Karzai Asks Afghans to Hunt Omar, Bin Laden

While the Taliban fighters have withdrawn from Kandahar, the two most-wanted figures associated with the Islamic militia still remain at large.

Hamid Karzai, Afghanistan's interim leader, called on his countrymen Saturday to seize suspected terror mastermind Usama bin Laden and Taliban leader Mullah Mohammed Omar.

He said he promised to bring the two men to "international justice," in a satellite telephone interview with The Associated Press.

U.S. and tribal officials believe that Omar might still be in the surrendered city of Kandahar.

Karzai said reports that Omar has been captured are "all lies." He holds firm that the location of Omar is unknown and that neither he nor bin Laden was in the custody of opposition forces.

Tensions were running high in Kandahar following the Taliban's withdrawal. Rival armed groups — one under Mullah Naqibullah and the other under Gul Agha — claimed control of key parts of the city.

Karzai, who was north of Kandahar, said the situation in the city was quiet a day after the Taliban's chaotic departure from their last stronghold Friday, when scared residents reported looting and violence.

Claiming the situation was very volatile, Pakistani border guards refused to allow journalists to cross into southern Afghanistan.

Karzai, who was picked this week to lead an interim government for the war-shattered nation, said he had asked ordinary Afghans, as well as his own troops, to arrest thousands of Arabs and other foreign fighters who had been defending the Taliban.

His promise "to deliver Usama bin Laden and Mullah Omar to international justice" followed strong objections raised in Washington to suggestions that Karzai might have struck a surrender deal with Omar to allow the fugitive Taliban supreme leader to remain in Afghanistan.

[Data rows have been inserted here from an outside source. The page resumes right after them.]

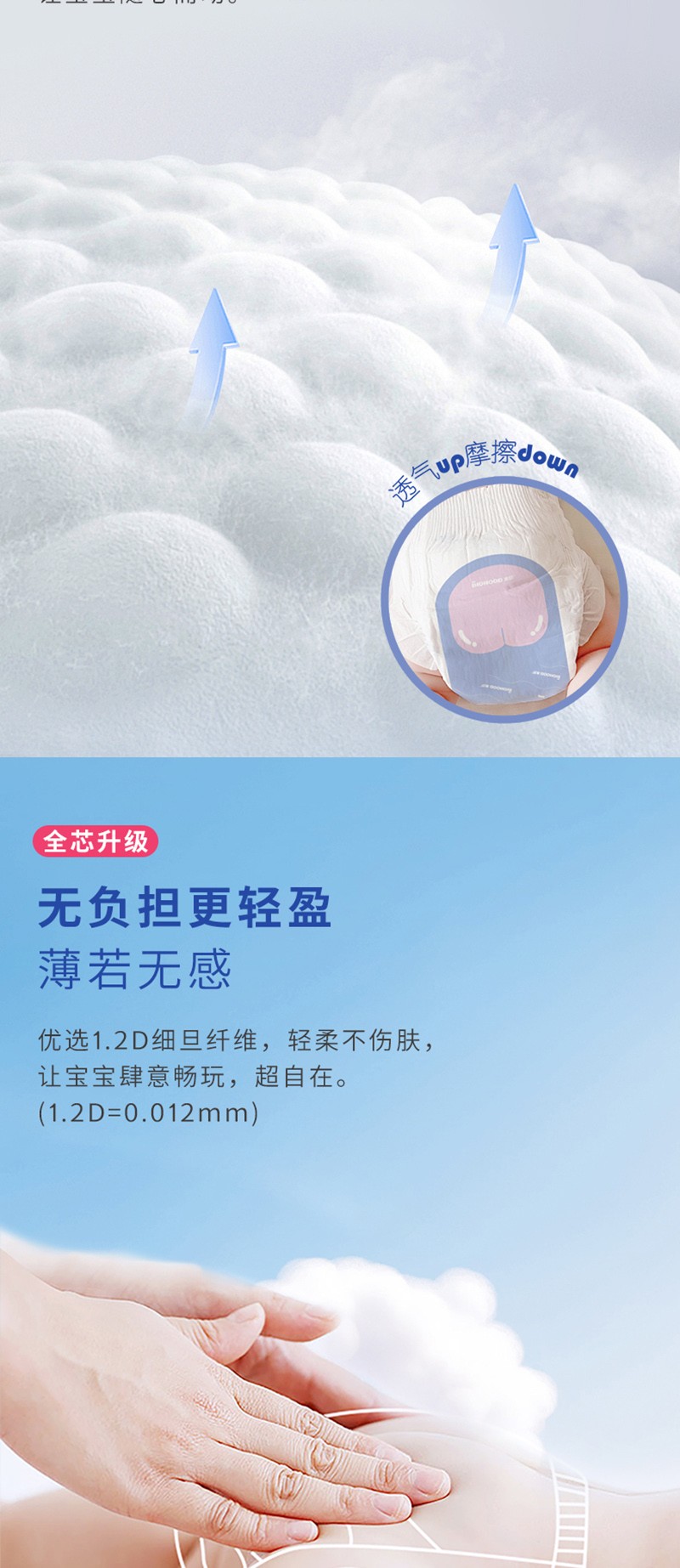 本護(hù)生物酶凈芯嬰兒悅動(dòng)紙尿褲詳情頁(yè)_04.jpg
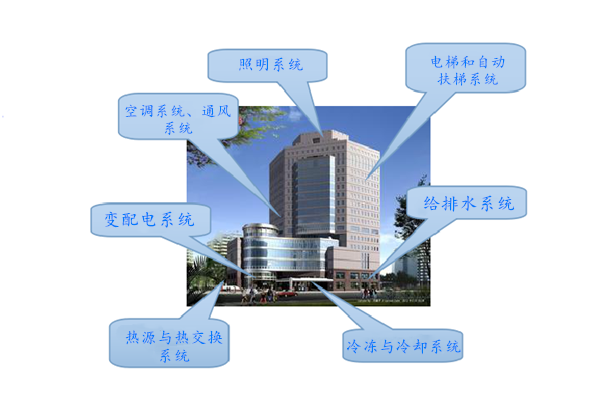 WIFI傳輸拍了拍樓宇控制系統(tǒng)! WIFI傳輸拍了拍樓宇控制系統(tǒng)!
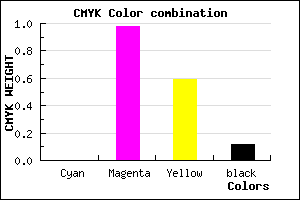 #E0045C color CMYK mixer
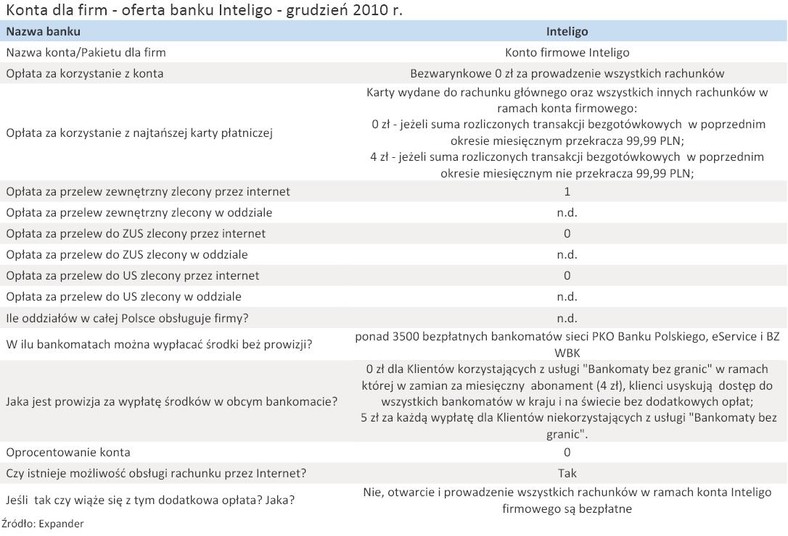 Konta dla firm - oferta banku Inteligo - grudzień 2010 r.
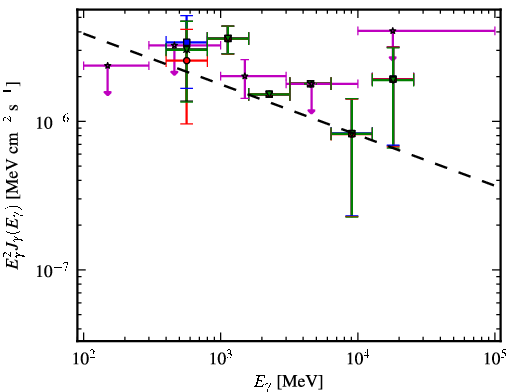 Spectra for 1FGL_J1844.1+1547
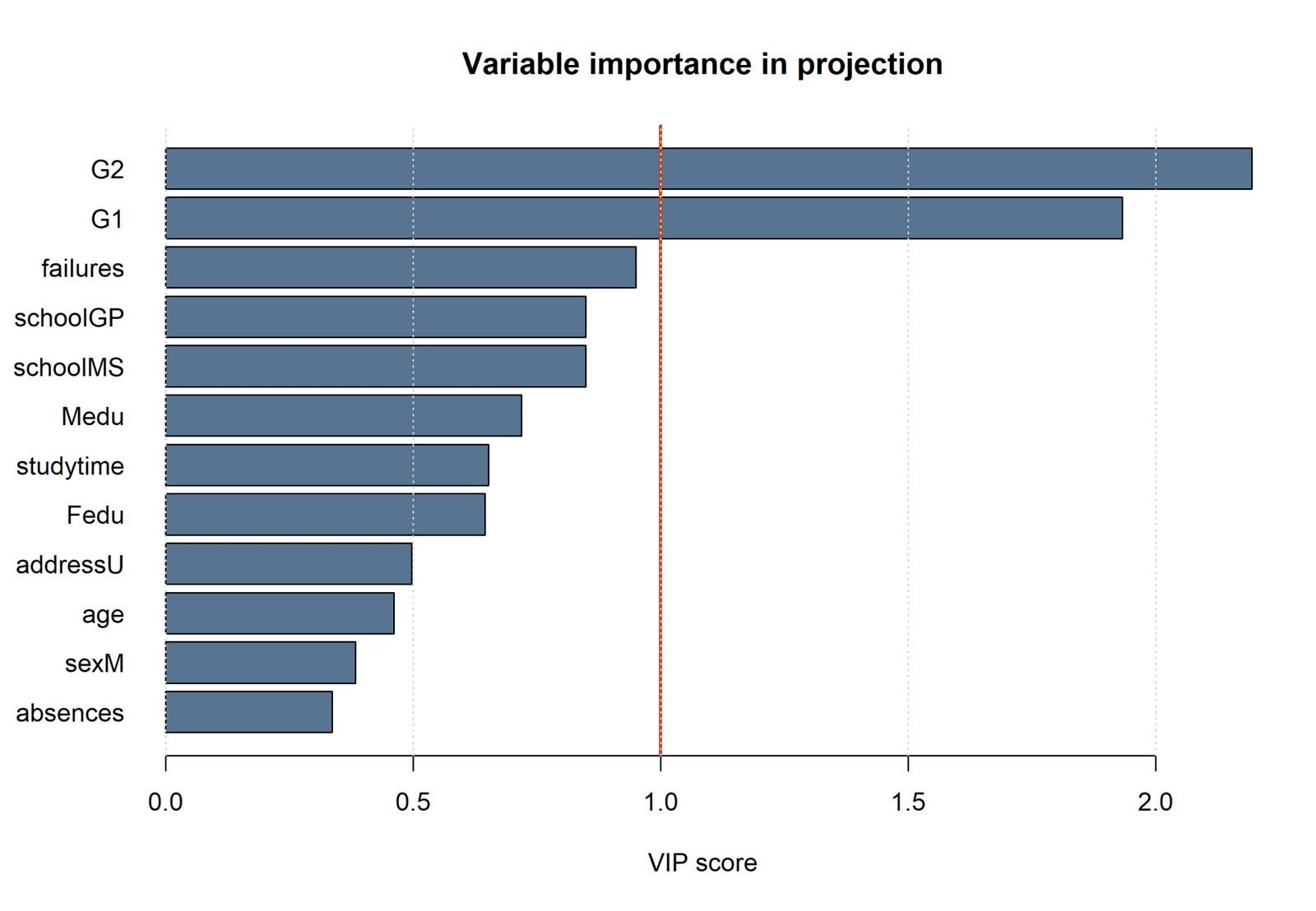 R variable importance in projection scores for Partial Least Squares Regression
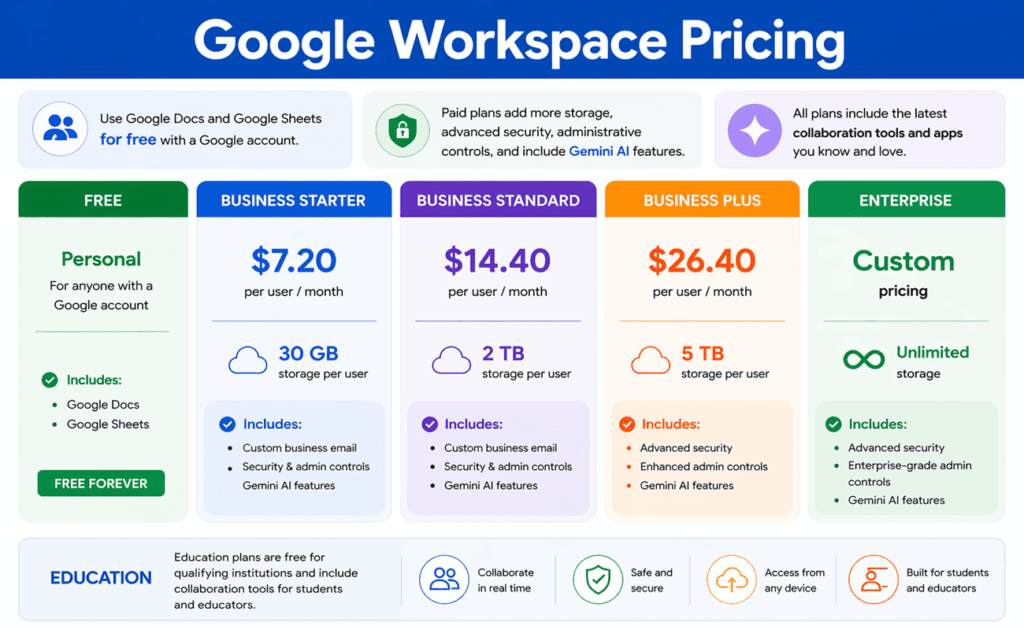 google workspace pricing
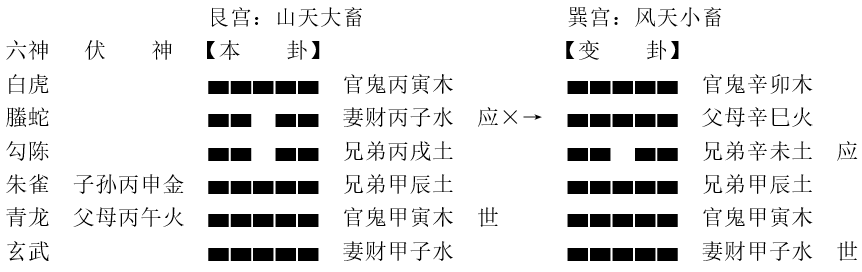 808ec8e9f1a00dc8eb7ad2d927d0ced2
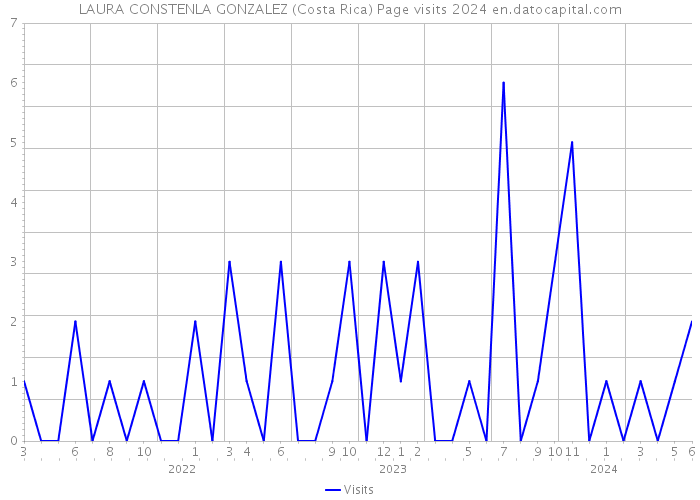 LAURA CONSTENLA GONZALEZ (Costa Rica) Page visits 2024 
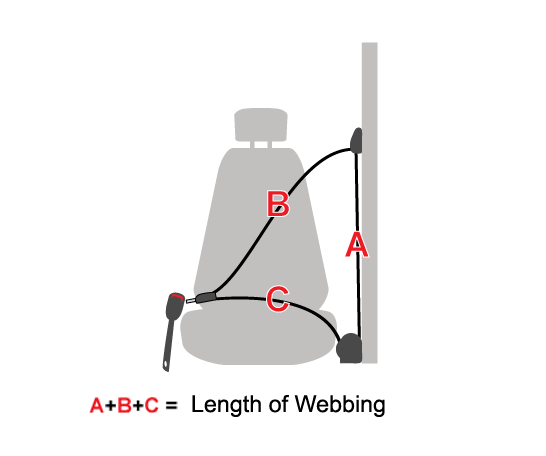 Measuring for a 3-Point Seat Belt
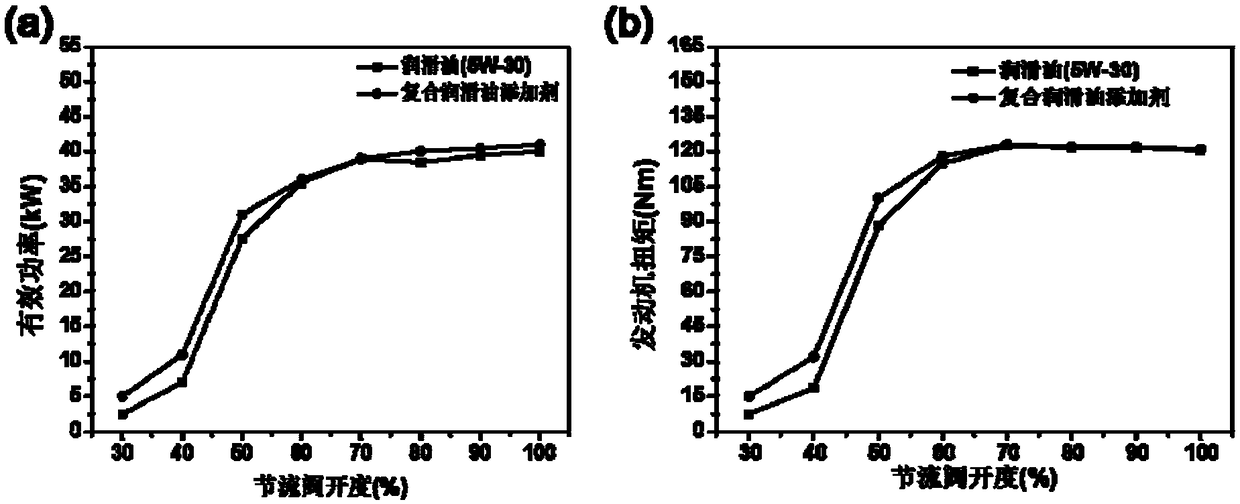 Composite antioxidant and anti-wear lubricating oil for gasoline engine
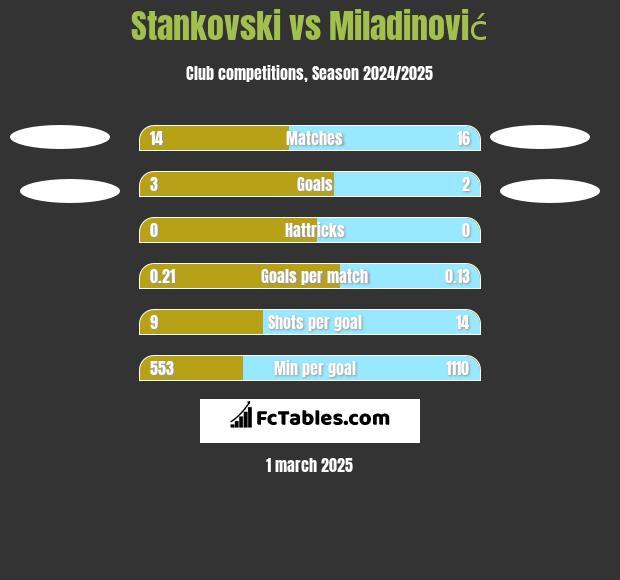 Stankovski vs Miladinović h2h player stats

Karzai rejected reports that Omar was being held under tribal protection in Kandahar.

An ally of one of Kandahar's tribal faction heads told Britain's Channel 4 News that another local faction head, Naqibullah, was holding Omar "in a friendly environment." Khalid Pashtun, who talked to the television station, is an ally of Agha.

Naqibullah and Karzai jointly negotiated the Taliban surrender of the southern city, but Agha felt he had been cut out of the deal. Agha's tribesmen had been fighting around the Kandahar airport and controlled part of the road to Pakistan.

Agha and Naqibullah have had strained relations for years since the mullah refused to side with Agha against the Taliban in the early 1990s.

On Friday, Andrew Card, President Bush's chief of staff, told reporters on Air Force One that U.S. officials are "pretty sure" Omar is still in Kandahar.

However, Haji Bashar, a commander in the city who is aligned with Naqibullah, said Omar was not being held in Kandahar.

"Nobody knows where he is," Bashar said, adding that sections of the city had been carved up by rival anti-Taliban factions that were trying to reach agreement on how it should be administered. Karzai has promised to set up a tribal commission to run Kandahar.

Karzai said his U.N.- and U.S-backed temporary administration, which is to take office in the capital, Kabul, on Dec. 22, want to end Afghanistan's links with terrorism.

"We will make sure we will get rid of terrorism. We want to finish terrorism in Afghanistan and in the world," he said.

A major part of this would be the capture of all foreign Al Qaeda troops as well as Saudi-born bin Laden.

"I have asked the people now, not just our forces, to arrest any Arabs they find," he said.

"We don't know where Usama is. We are looking for him. I have a map now in front of me and I am asking villagers around Kandahar to look around the clock and stop him or any Arab they may see."

The Associated Press contributed to this report.